Chiu Yi-ying joined her father's campaign team in 1994, which paved the way for her first election campaign -- the 1996 National Assembly elections. In the end she was elected with the most votes in her Pingtung County constituency.

After becoming the youngest member of the DPP's Central Standing Committee in 1998, she enjoyed further success in December last year, winning a seat in the legislature.

There are other legislators who have entered politics by chance, thanks to the contacts and resources their parents established in the political scene.

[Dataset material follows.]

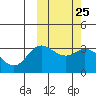 Tide chart for Etienne Bay, Attu Island, Alaska on 2024/02/25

The KMT's Wang Yu-ting (王昱婷) was only 25 when she was first elected a legislator in 1998. Wang, who is now in her second term, said she never intended to become a politician, having watched how her father sacrificed time with the family to perform his duty as a representative of the people.

But she was nominated as a legislative candidate by the KMT for a seat reserved for women in her constituency in Tainan City.

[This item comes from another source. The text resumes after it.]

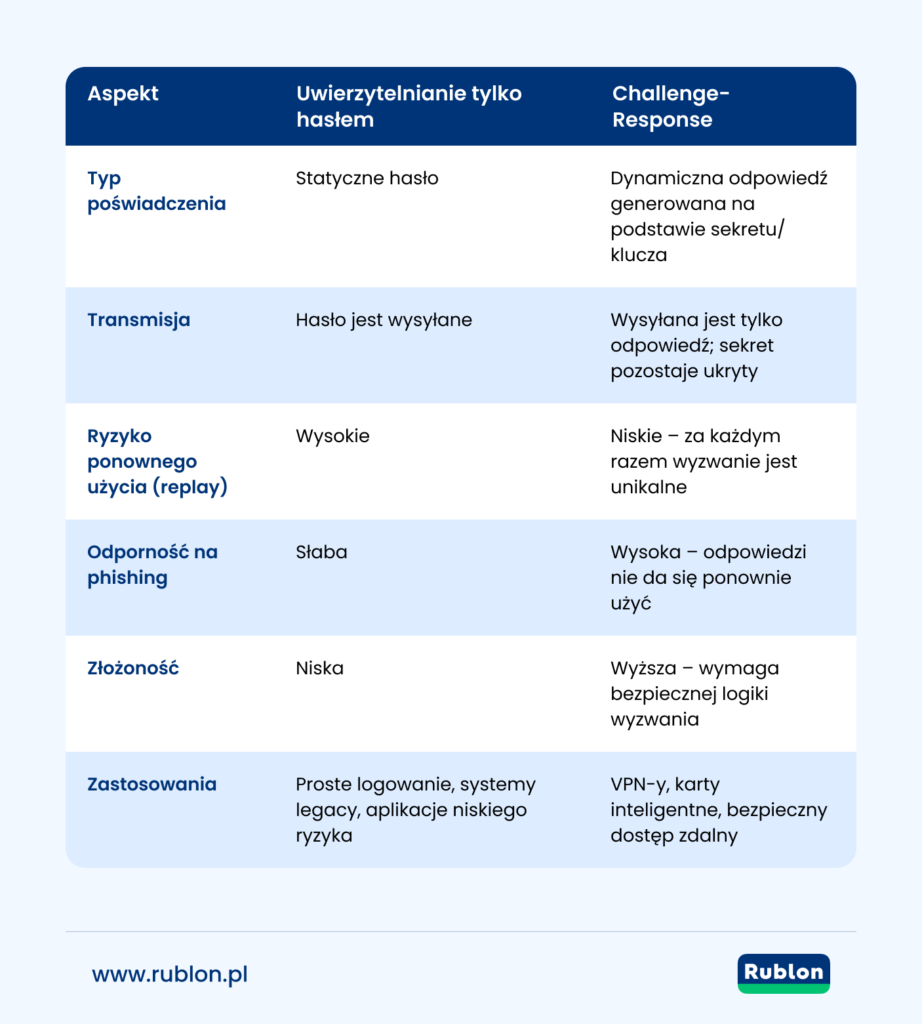 Tabela porównująca uwierzytelnianie oparte wyłącznie na haśle z uwierzytelnianiem challenge-response pod kątem kluczowych aspektów, takich jak typ poświadczeń, sposób transmisji, odporność na ataki replay i phishing, złożoność oraz typowe zastosowania.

Another example is the DPP's Lin Tai-hua (林岱華), daughter of former mayor of Fengshan City Lin San-lang (林三郎).

She was notified 15 minutes before the registration deadline that she was to represent the DPP for a seat reserved for women in Kaohsiung County in last year's legislative elections. And she succeeded.

"My candidacy was totally accidental," Lin said.

While support and resources from the family can help legislators win seats, they frequently have to work hard to prove that they are up to the job.

Senior KMT Legislator Hwang Chao-shun (黃昭順), daughter of late Control Yuan President Hwang Tzuen-chiou (黃尊秋), seems to have overcome this problem in the 22 years since she first stepped onto the political scene as a deputy in the Kaohsiung City Council.

According to Hwang, having an influential father did not guarantee that she would survive the test of voters.

"People won't vote for a politician because he has an influential family background. He will still suffer defeat if his service wins little approval from the people," Hwang said.

Likewise, the DPP's Lan Mei-chin (藍美津), who was elected a legislator last year after serving four terms as a deputy to Taipei City Council, was better known as wife of former democracy activist Huang Tien-fu (黃天福), or sister-in-law of late DPP chairman Huang Hsin-chieh (黃信介), when her political career began in 1985.

Victory in re-election bids over the years and her successful advance into the legislature indicate that there is public approval for her that goes beyond her family background.

"With my credentials in the Taipei City Council and service for my constituents, I've pried open a road belonging to myself," Lan said.